### [Source records]
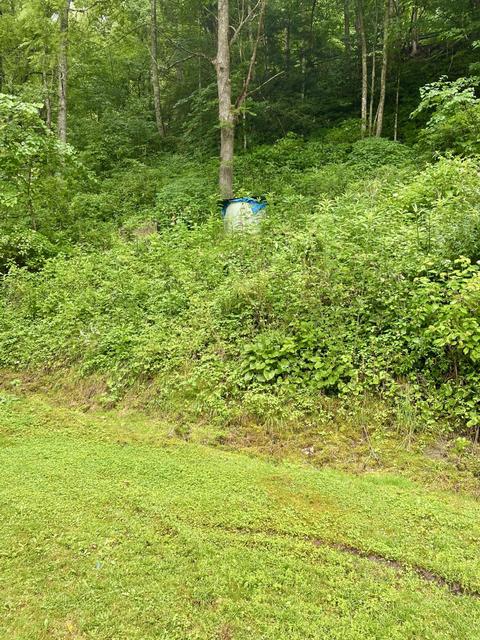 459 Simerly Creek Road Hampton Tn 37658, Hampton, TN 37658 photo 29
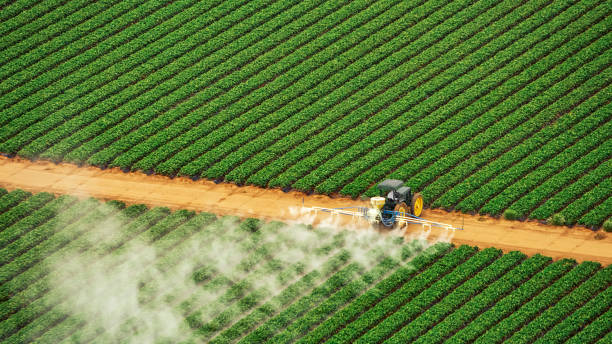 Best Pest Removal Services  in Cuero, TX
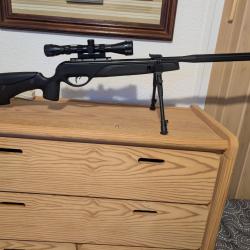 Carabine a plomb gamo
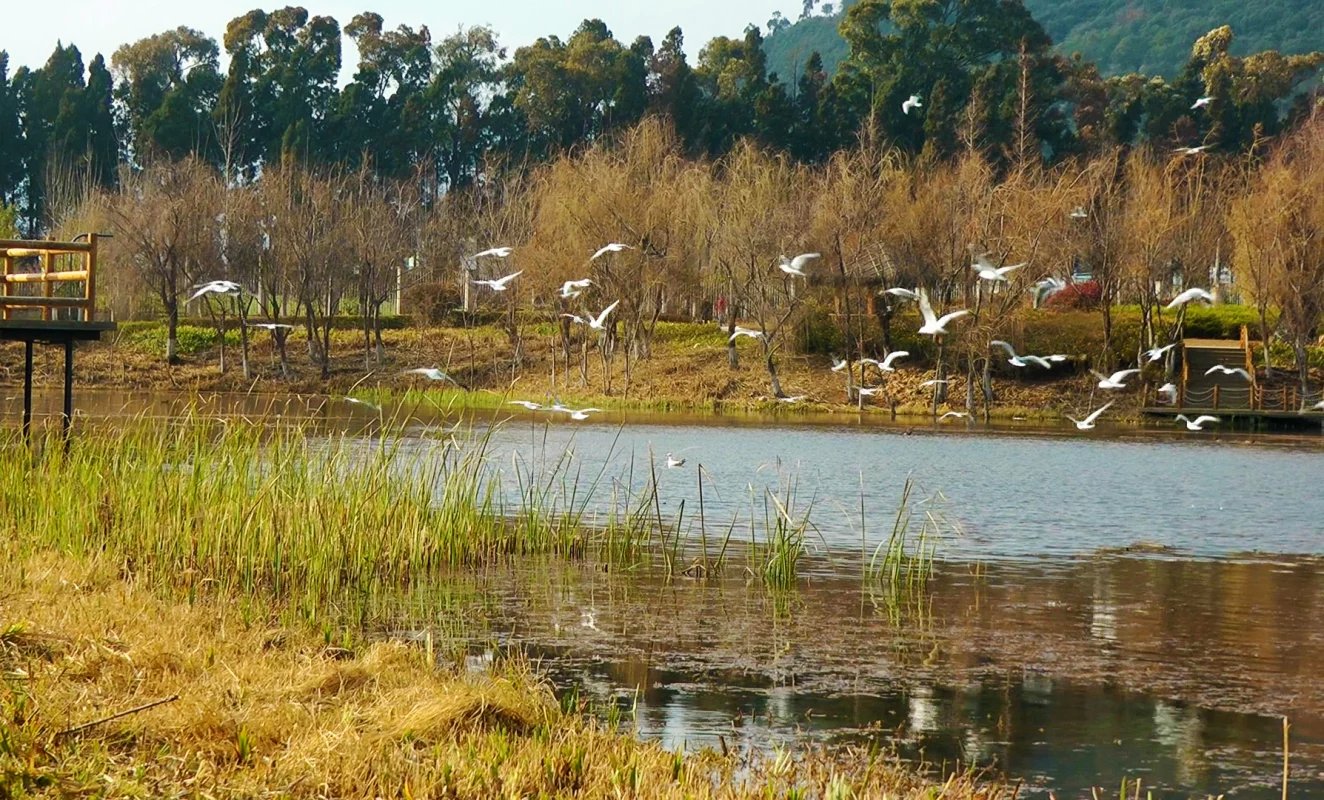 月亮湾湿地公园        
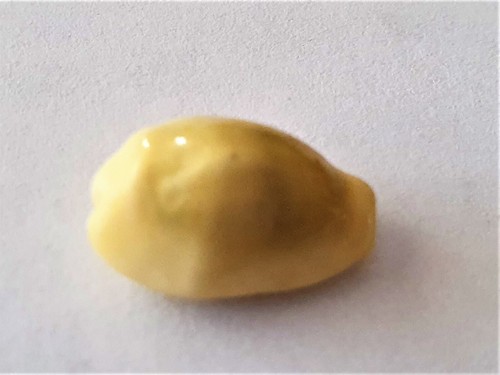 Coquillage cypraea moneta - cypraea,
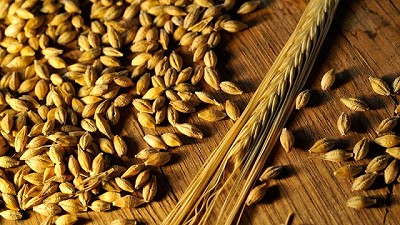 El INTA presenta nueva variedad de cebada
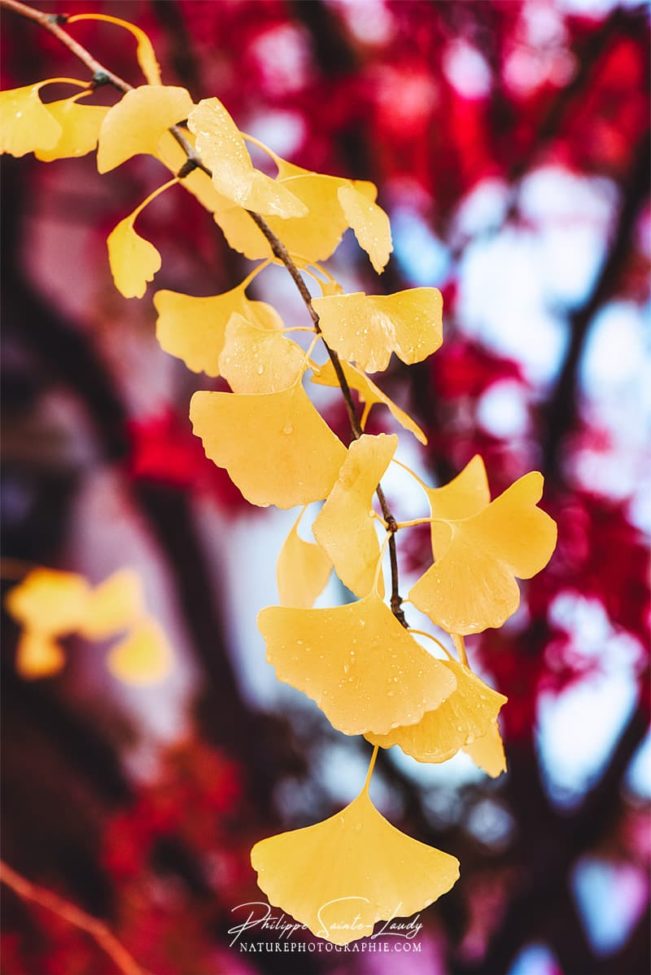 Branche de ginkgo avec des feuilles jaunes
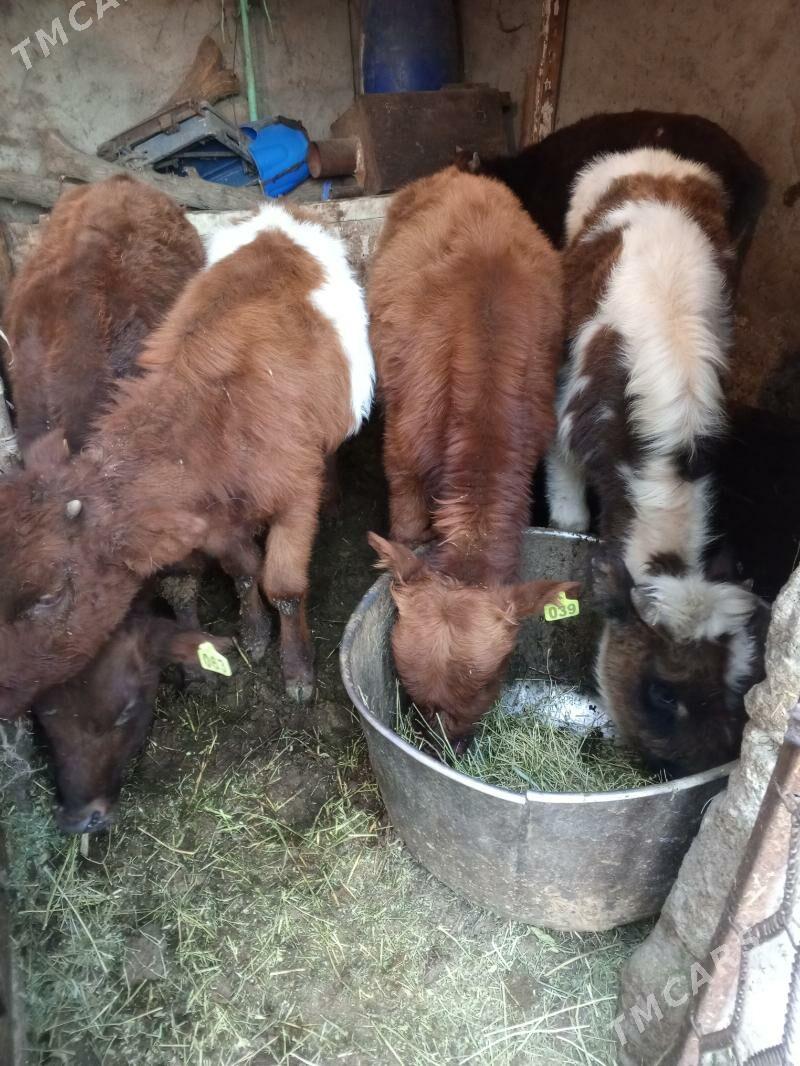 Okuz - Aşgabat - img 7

==

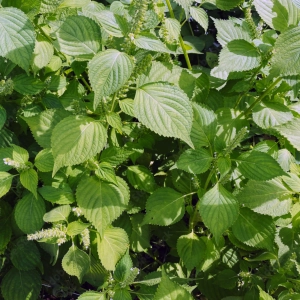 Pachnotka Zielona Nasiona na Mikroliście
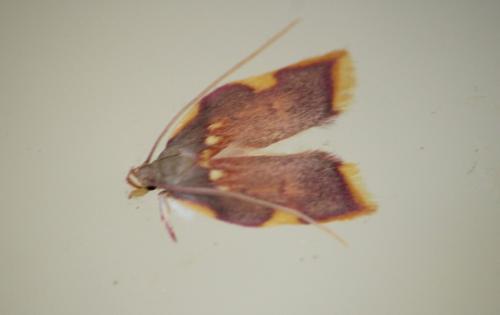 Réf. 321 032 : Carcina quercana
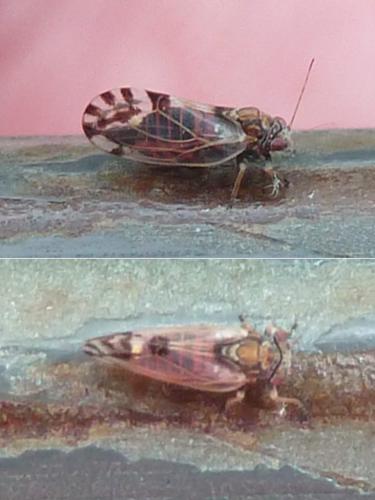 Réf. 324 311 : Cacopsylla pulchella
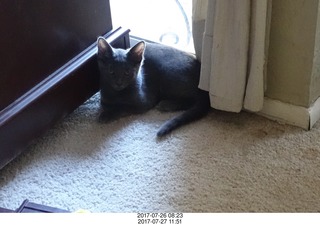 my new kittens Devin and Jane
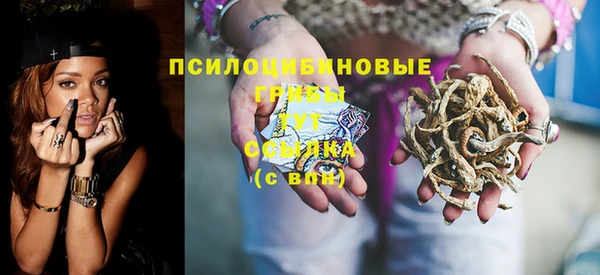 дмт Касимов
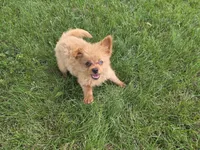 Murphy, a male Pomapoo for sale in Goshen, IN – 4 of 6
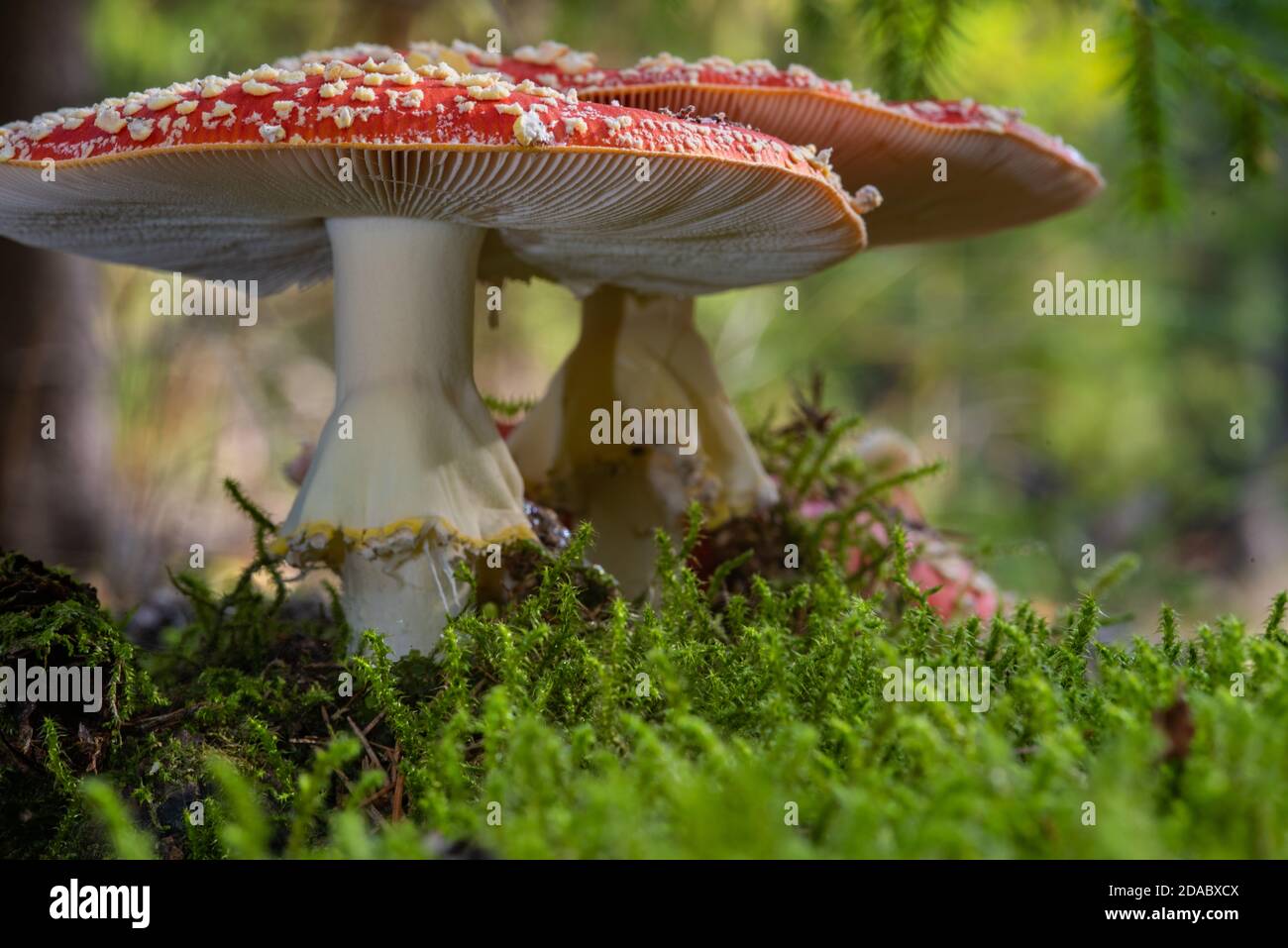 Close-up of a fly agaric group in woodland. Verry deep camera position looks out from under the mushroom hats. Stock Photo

### [Exercise directions]
In the records above, find the line containing "Best Pest Removal" and the line containing "Okuz - Aşgabat - img 7", then give both of them again word for word along with every line between. Omit any pictures.

### [Result of this exercise]
 Best Pest Removal Services  in Cuero, TX
 Carabine a plomb gamo
 月亮湾湿地公园        
 Coquillage cypraea moneta - cypraea,
 El INTA presenta nueva variedad de cebada
 Branche de ginkgo avec des feuilles jaunes
 Okuz - Aşgabat - img 7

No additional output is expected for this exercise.